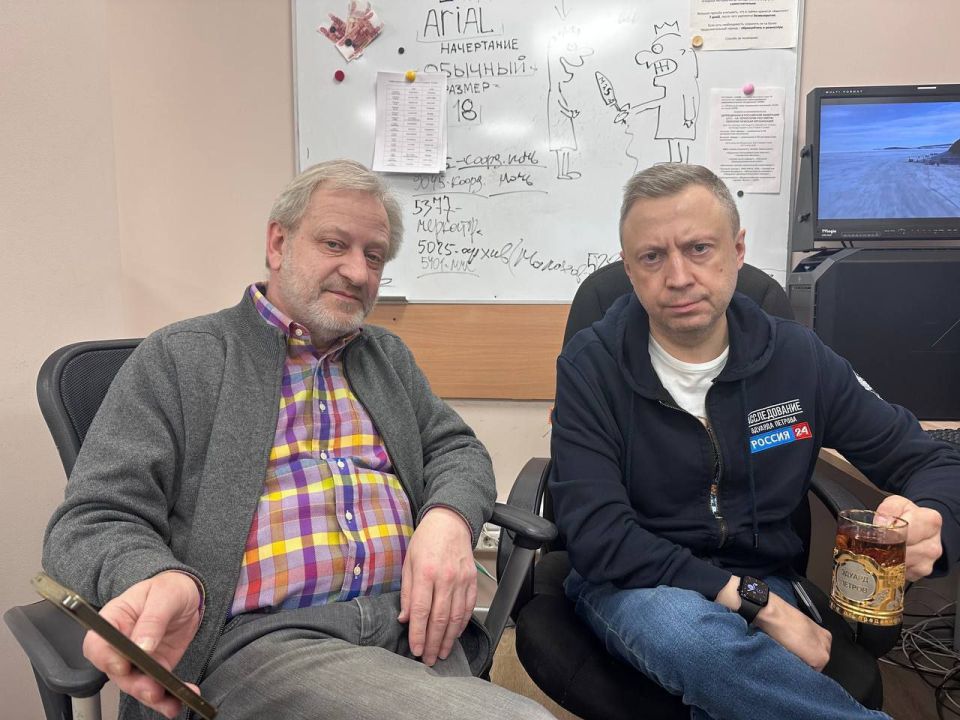 � 18:15 � ����� - �������� ������ "�����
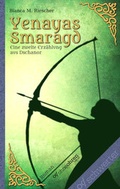 Cover: Yenayas Smaragd - OHNEOHREN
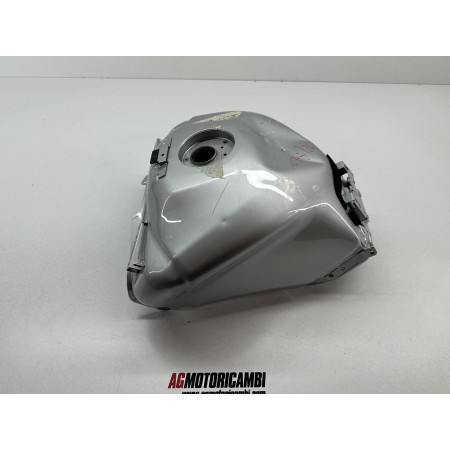 TANK MIT KNALL YAMAHA TRACER 900 GT 2021-2024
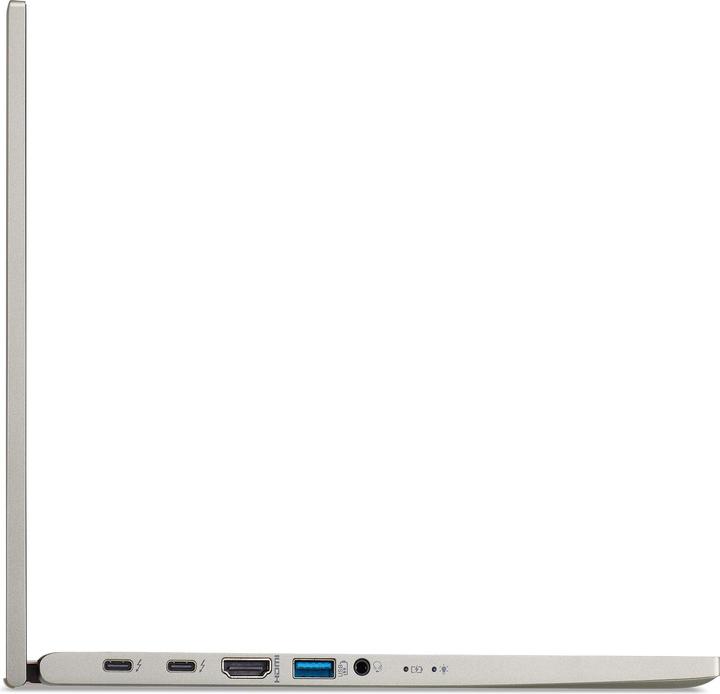 Produktbild Acer Spin 5 (14", Intel Core i5-1240P, 16 GB, 512 GB, CH)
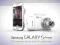 Nowy Samsung Galaxy S4 zoom C101 white HIT FV23%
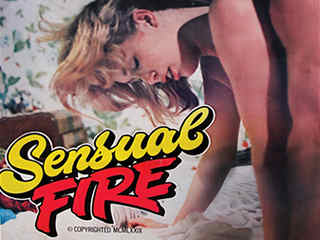 Чувственный огонь (1979)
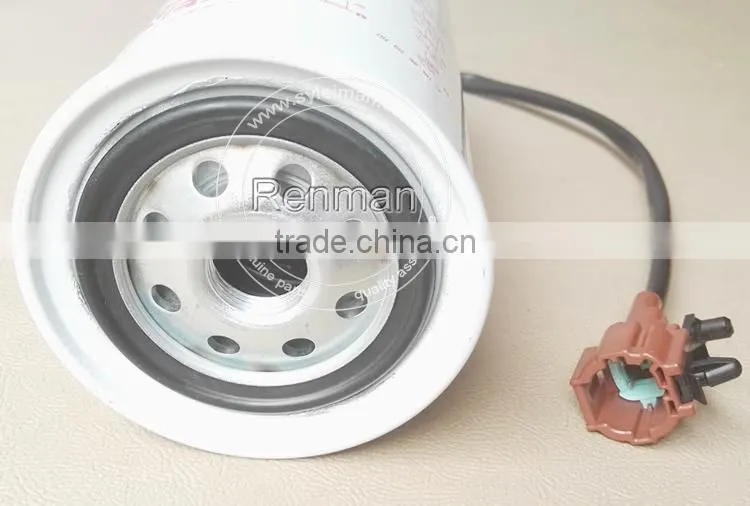 Heating Wire Fuel water Separator FS36229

....................

PROBLEM: Each line from the one containing "Cover: Yenayas Smaragd - OHNEOHREN" through the last line of the entries above should be duplicated exactly, both included; leave out pictures and add nothing.

TASK ANSWER:
 Cover: Yenayas Smaragd - OHNEOHREN
 TANK MIT KNALL YAMAHA TRACER 900 GT 2021-2024
 Produktbild Acer Spin 5 (14", Intel Core i5-1240P, 16 GB, 512 GB, CH)
 Nowy Samsung Galaxy S4 zoom C101 white HIT FV23%
 Чувственный огонь (1979)
 Heating Wire Fuel water Separator FS36229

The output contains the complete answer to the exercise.